- Learn about two of the latest additions to ZEISS FIB-SEM portfolio: ZEISS Crossbeam laser and the ToF-SIMS add-on
- Learn how ZEISS Crossbeam laser is a unique solution for large-scale sample preparation and sub-sequent analysis in the FIB-SEM
- Gain an overview about the high-resolution SIMS technology from ZEISS and potential applications
The LaserFIB combines an ultra-short pulsed laser, typically a femtosecond (fs) laser, and a FIB-SEM, all in one microscope. Massive material ablation by the laser allows to gain rapid access to structures buried deeply in e.g. packaged electronics or display devices. The targeted regions of interest can then be analyzed by FIB-SEM. Remarkably, sample damage or heat effects induced by the laser are minimal. Thus, the LaserFIB is attracting attention also in the field of materials engineering and characterization, e.g. for the fabrication of micromechanical testing devices with dimensions of up to millimeters or large cross sections for EBSD.
As a leading supplier of electron and ion optical systems ZEISS offers a state of the art Secondary Ion Mass Spectroscopy (SIMS) technology for compositional and Isotopic analysis. The webinar will give an overview of the high-end SIMS technology and its potential application space.
Fabián Pérez Willard
Fabián Pérez Willard manages ZEISS ion microscopy solutions for Materials Research. He is based in Oberkochen, Germany. Fabián studied physics at the Karlsruhe Institute of Technology (KIT). There he completed a PhD in low-temperature physics 2003.

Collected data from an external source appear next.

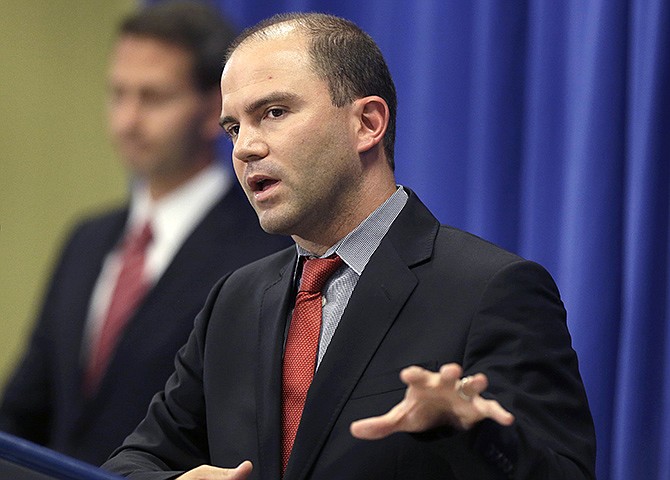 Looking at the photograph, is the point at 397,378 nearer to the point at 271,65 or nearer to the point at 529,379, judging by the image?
the point at 529,379

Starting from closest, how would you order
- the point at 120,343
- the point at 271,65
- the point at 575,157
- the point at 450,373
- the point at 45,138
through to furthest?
the point at 450,373 → the point at 271,65 → the point at 575,157 → the point at 120,343 → the point at 45,138

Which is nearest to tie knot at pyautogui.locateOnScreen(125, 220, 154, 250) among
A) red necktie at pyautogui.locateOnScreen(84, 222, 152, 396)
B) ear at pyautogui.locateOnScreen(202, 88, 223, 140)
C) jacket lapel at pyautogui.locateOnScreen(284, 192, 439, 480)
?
red necktie at pyautogui.locateOnScreen(84, 222, 152, 396)

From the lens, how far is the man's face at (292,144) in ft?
5.36

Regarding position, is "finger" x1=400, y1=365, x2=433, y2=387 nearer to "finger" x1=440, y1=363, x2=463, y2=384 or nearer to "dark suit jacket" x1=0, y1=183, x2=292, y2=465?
"finger" x1=440, y1=363, x2=463, y2=384

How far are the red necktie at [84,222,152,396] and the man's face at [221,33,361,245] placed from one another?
971 millimetres

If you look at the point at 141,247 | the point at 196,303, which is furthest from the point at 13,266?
the point at 196,303

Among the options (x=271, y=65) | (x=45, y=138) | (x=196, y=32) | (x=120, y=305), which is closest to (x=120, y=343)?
(x=120, y=305)

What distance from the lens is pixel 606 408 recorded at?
205 centimetres

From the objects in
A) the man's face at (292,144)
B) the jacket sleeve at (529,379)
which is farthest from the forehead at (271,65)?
the jacket sleeve at (529,379)

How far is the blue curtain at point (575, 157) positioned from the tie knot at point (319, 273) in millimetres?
563

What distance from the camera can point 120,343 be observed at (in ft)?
8.09

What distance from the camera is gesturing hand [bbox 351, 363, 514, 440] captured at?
125 cm

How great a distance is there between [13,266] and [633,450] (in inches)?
97.9

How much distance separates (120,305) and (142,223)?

After heading a multiuser service lab facility with focus on the fabrication and characterization of functional nanostructures at KIT, Fabián moved to ZEISS in 2006. At ZEISS he has held different positions in applications, product management and marketing. He has 20+ years of experience in electron microscopy and is an expert in the field of ion microscopy.
Antonio Casares is sales and applications specialist at ZEISS Research Microscopy Solutions in Germany. He has more than 20 years of experience in the design and construction of mass spectrometers and electron microscopes and a deep application knowledge in those techniques. Antonio holds a diploma in biophysics achieved at the University of Giessen, Germany, where he also earned his doctor’s degree in “Charged Partical Optics” with Prof. Wollnik, followed by post-doctoral work at the Max Planck Institute in Göttingen, Germany and the Oak Ridge National Laboratory in the USA as “instrument scientist” for mass spectrometry before he joined ZEISS Microscopy in 2002.